Devo aqui lembrar com o devido merecimento, os nomes dos não menos famosos exploradores portugueses, Hermenegildo Capêlo e Roberto Ivens que, com um propósito diferente das expedições de Livingstone, partiram de Moçâmedes em 29 de Abril de 1884 e chegaram finalmente a Quelimane em 21 de Junho de 1885, numa jornada de 14 meses que iriam qualificar como um "inferno no interior africano, durante o qual a fome, o frio, a natureza agreste, os animais selvagens, a mosca tsé-tsé, puseram em permanente risco a vida daqueles exploradores”.
Ao longo de toda a viagem, Roberto Ivens escreve, desenha, faz croquis, levanta cartas enquanto Hermenegildo Capelo recolhe também espécimes de plantas, rochas e animais, num contributo científico ao legado existente na Sociedade de Geografia de Lisboa.

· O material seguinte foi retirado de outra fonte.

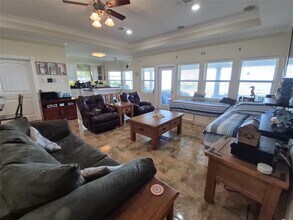 402 1/2 Avenue A in Dickinson, TX - Building Photo - Building Photo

Este grandioso esforço de todos aqueles exploradores é tanto maior se considerarmos o enorme percurso deste imenso rio que na sua longa corrida atravessa uma pequena parte das terras de Angola logo após a sua nascente na Zâmbia e correndo apertado entre os territórios da Zâmbia e do Zimbabwe, apressa-se depois a alcançar o território de Moçambique junto ao Zumbo percorrendo depois mais de oitocentos quilómetros até se misturar com as águas do Oceano Índico no canal de Moçambique servindo-se dos três grandes braços que compõem o seu enorme delta.
Para trás ficam testemunhos de rara grandeza como as belas Cataratas de Vitória e as imensas albufeiras de Kariba e de Cahora Bassa.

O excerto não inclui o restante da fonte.